Of course, Orbital’s engineers are producing simulations at much higher resolutions, with more detailed physics, and a greater amount of input data. Yet does the extra supercomputing power ensure their predictions are more accurate or more likely to be right than a simpler model? Real lives and business decisions with a high impact on society will rest solely on these supercomputer predictions.
NASA supplies most of the code and data to Orbital. Plus, the company’s engineers have started using Monte-Carlo class algorithms, and more.
Thankfully, most developers of supercomputer models test them before releasing them for real design work. They may compare the predictions with those from other models, perhaps using different principles or algorithms or with physical testing, historical data, or other known data points. Supercomputers are often called into use for this purpose. In fact, one of the biggest roles of supercomputer simulations in science and engineering is exploring the validity of the models. Models are pushed to extreme scales, data sets and boundary conditions, to help establish the confidence that they will be safe with less extreme parameters.
Many users of models are rigorous about validating their predictions, especially those users with a strong link to the advancement of the model or its underpinning science. But, unfortunately, not all users of models are so scrupulous. They think the model must be right, after all, it is running at a higher resolution than before, or with physics algorithm v2.0, or some other enhancement, so the answers must be more accurate. Or they assume it is the model supplier's job to make sure it is correct. And yes, it is but how often do users check that their prediction relies on a certified part of parameter space.
The assumptions of increasing scale can be misleading. Higher resolutions do not guarantee more accurate results. For example, is the code numerically capable of handling the smaller or larger floating-point numbers involved? Do the algorithms remain stable over the larger number of iterations? Does the code use a subroutine or library call that may not have been certified? Fault tolerance is becoming critical, not just in node failures, but in errors such as data corruption in memory or in the interconnect.
From my understanding, modern engineers don’t just design spacecraft, they try to understand the physical processes. NASA will find that something is useful, but they need to understand why and how. They can do tests, but they just tell you it could be the case. But with simulation, they get very detailed data that tell you the why and how of the mechanics. Orbital’s engineers work is novel in providing a very high level of accuracy and in further developing simulations. Their work adds to the tools needed for understanding complex flows.
Wind tunnel simulations can only provide limited capabilities in revealing the time-dependent process, whereas supercomputer simulations with millions of grid points over hundreds of thousands of time-steps can provide high spatial and temporal resolution. That is to say, they can provide a lot more information than experiments. But the experimental work is necessary to check if the simulations are correct. They complement each other.
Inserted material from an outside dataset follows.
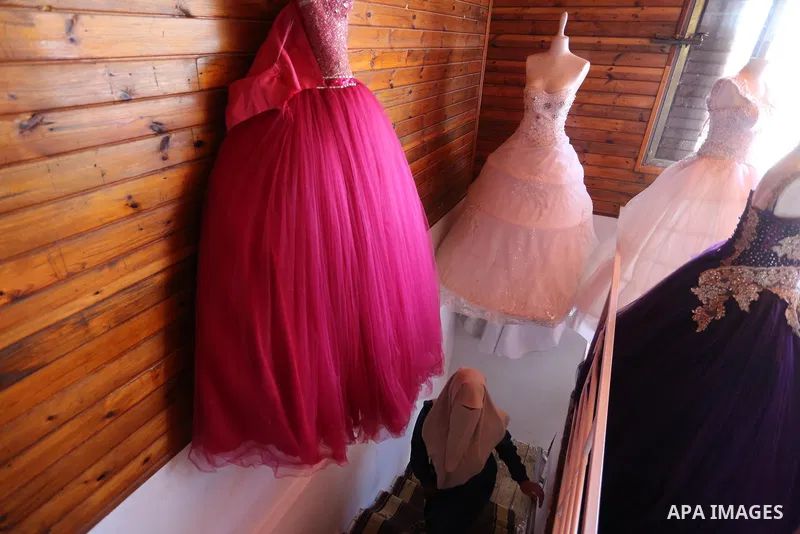 Palestinian woman Sabrin al-Jabri, 34, works with her children at her shop in renting and selling wedding dresses, in Khan Younis in the southern Gaza Strip, July 06, 2019. Al-Jabri graduated from the Department of Medic...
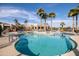 Resort-style pool with palm trees and a clubhouse in background at 3056 E Palm Beach Dr, Chandler, AZ 85249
That’s why NASA supports the company. Because they’re developing something completely new. HP’s expertise will also enable Orbital’s engineers to explore parts of the design that are not possible any other way.
The results of Orbital’s research may still be years away, but when you hear about (or step into) a future spacecraft, flying in space, remember that the designs and space technology were put there by computational scientists like Bermudez and Collins and systems like their supercomputer.